So as first 'official poet' of the City of London, I have not been in the least surprised to find myself working with hard-pressed employees of major firms who are also more than a little knowledgeable about poetry. Not all of them, as one does, can claim to have learnt Marvell's 'To His Coy Mistress' at the age of five or can recite reams from memory - preceded always by 'That reminds me of...' - but at the highly successful Drop-Ins set up and hosted by City firms, including Bates, Wells and Braithwaite whose Rosamund Smith is a key player in the whole project, the range of poems read aloud, and most expressively read, has been remarkable. So too has been some of the poetry written by members of a smaller workshop group which meets at these same firms around tables which usually witness a very different activity.
It has been this breaking down of stereotypes that has been one of my main concerns so far. From the start I avoided playing to them. Or almost from the start. Reporting on our first Drop-In at Wilde Sapte, the in-house magazine announced that 'John Mole wore a lot of corduroy which seems mandatory for poets' so I have, since then, been careful about varying my wardrobe.
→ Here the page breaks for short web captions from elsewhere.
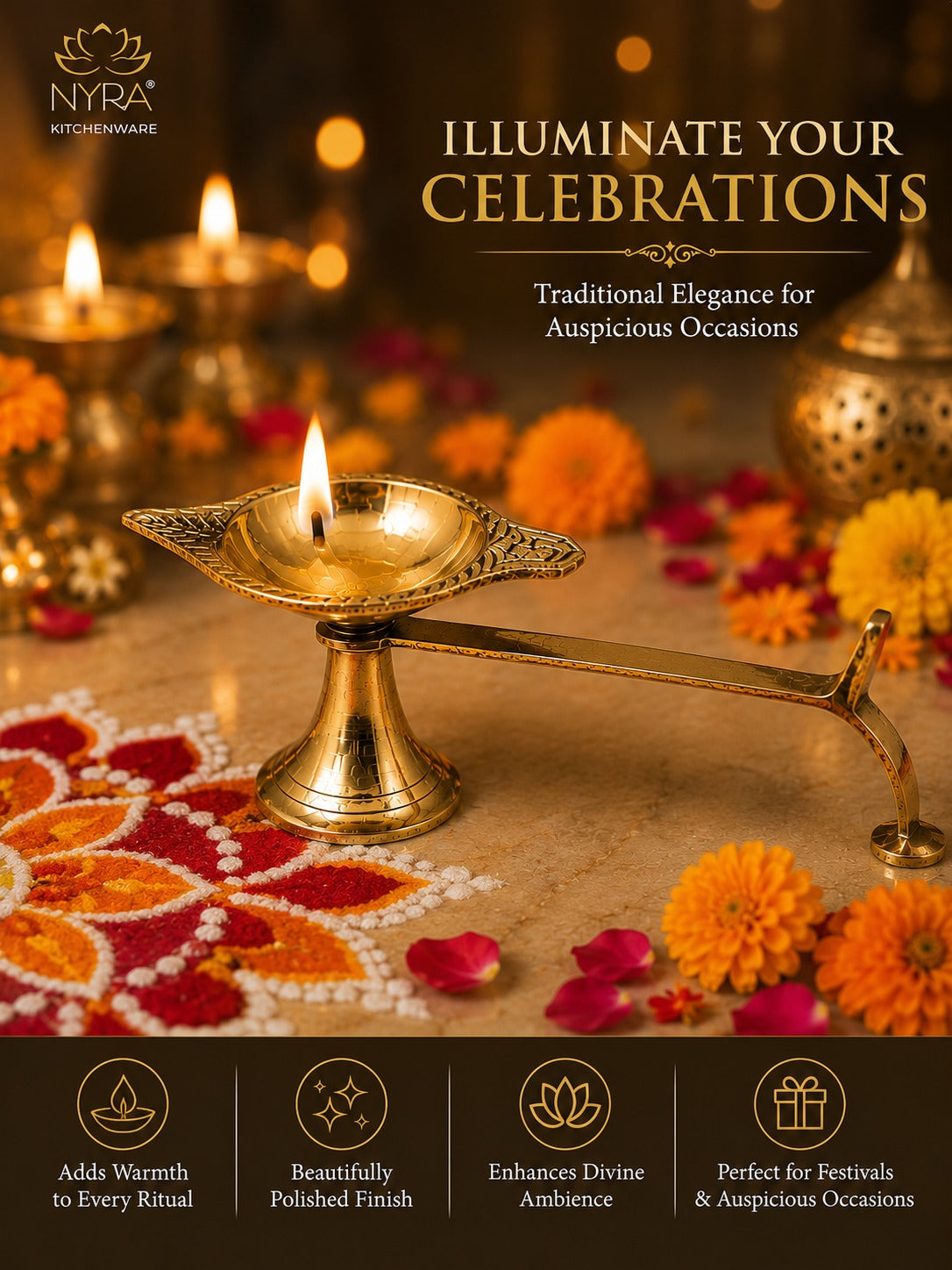 A brass oil lamp (diya) with a lit flame on a decorated surface, surrounded by marigold flowers, lit candles, and festive rangoli, with promotional text and the NYRA Kitchenware logo.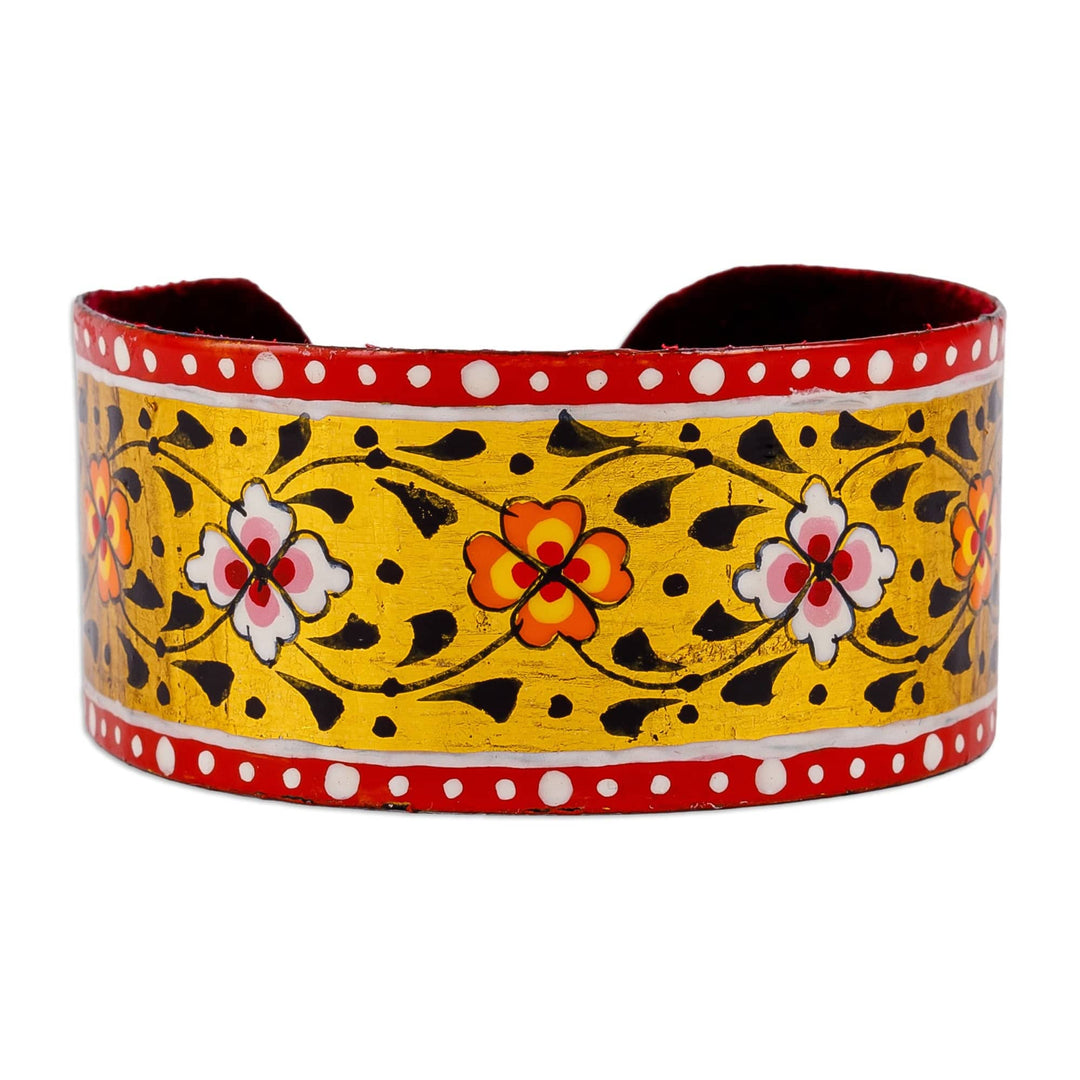 Painted Floral Adjustable Red and Yellow Tin Cuff Bracelet - Goddess of Joy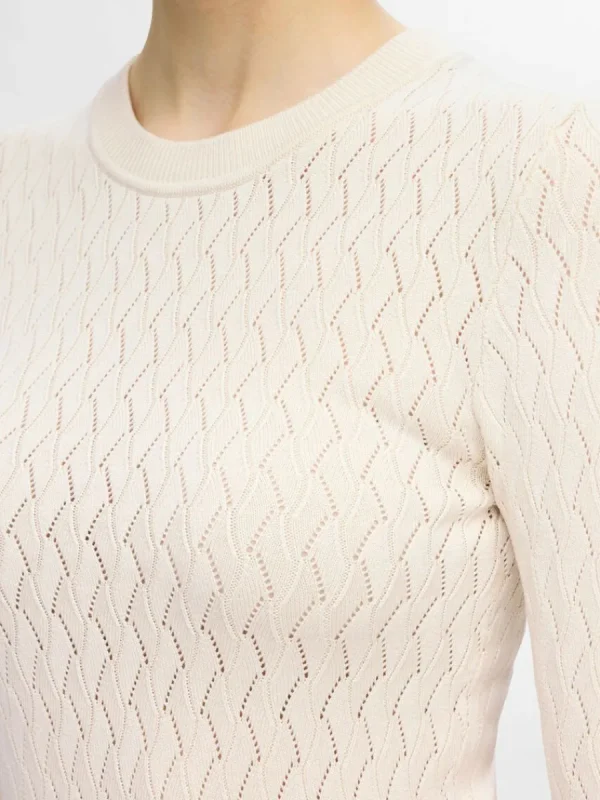 SELECTED LÅNGÄRMAD STICKAD TOPP Beige Shop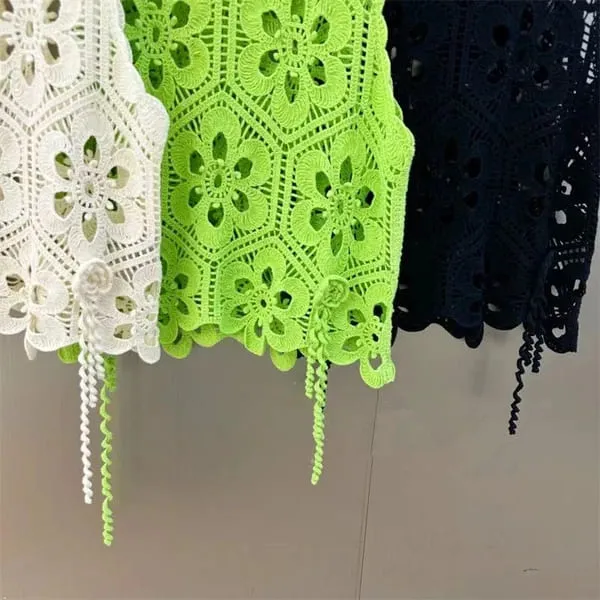 Women's Crochet Tank Top with Floral Embroidery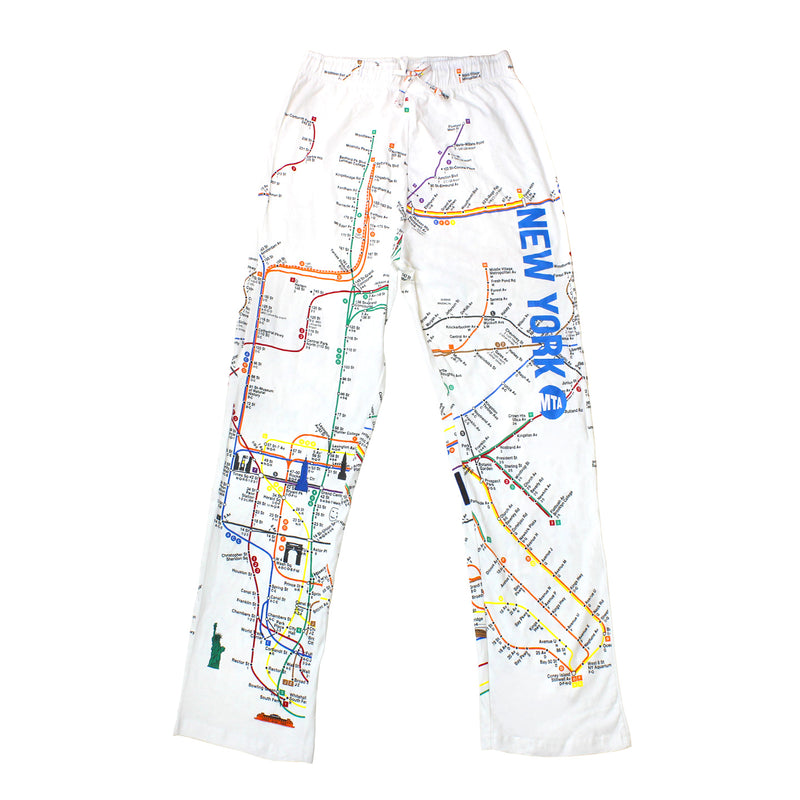 MTA New York Subway Map - Pants Pajama Bottoms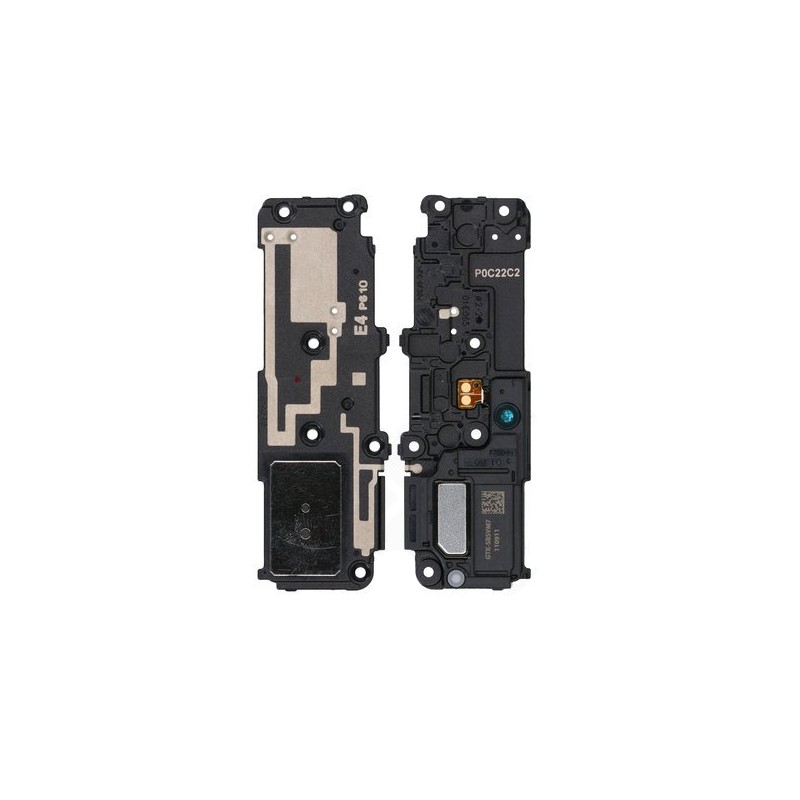 Samsung G991 S21 loudspeaker module features a black plastic body with metallic components, including a speaker grill, connectors, and circuit traces for audio functionality.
At the project's lavish February launch in the atrium of Clifford Chance, a couple of Gilbert and George-ish journalists from the Evening Standard kept on at me about how I was going to bring culture to the world of red braces. They seemed as determined to get a cartoon-image quote from me as I was determined not to give them one. As far as I was, and am, concerned, to be the City Poet is to work as a poet in the city, without compromise, and to learn as much from those I am working with as they (I hope) can learn from me.
Apart from my work with the firms, I am also visiting a range of maintained Primary schools in Tower Hamlets, Islington, Bethnal Green and other areas which would seldom be able to afford the sequence of five visits to each provided by the project's funding. This has been a rewarding experience for me and, I hope of value to the schools, several of which have a high percentage of pupils with English as their second language. I have become very attached to the children (and teachers). They have produced some splendid writing, already collected in several anthologies produced by the schools themselves, and I have dedicated my own forthcoming collection of poems for children (The Dummy's Dilemma from Hodder) to them. I was also delighted when some of their poems were displayed recently as posters on the South Bank as part of the Millennium Bridge project alongside one of mine and one of another of the City poets, Jane Duran. There were children at the Clifford Chance launch too, reading their work to an audience of two-hundred or so. They did themselves proud. This is what community is all about, and my hope is that throughout the rest of my term of 'office', I shall be able to do more to build bridges - millennial or otherwise - between the high-risers of the Square Mile and all those kids from the less glittering high-rises who need every advantage they can possibly be given.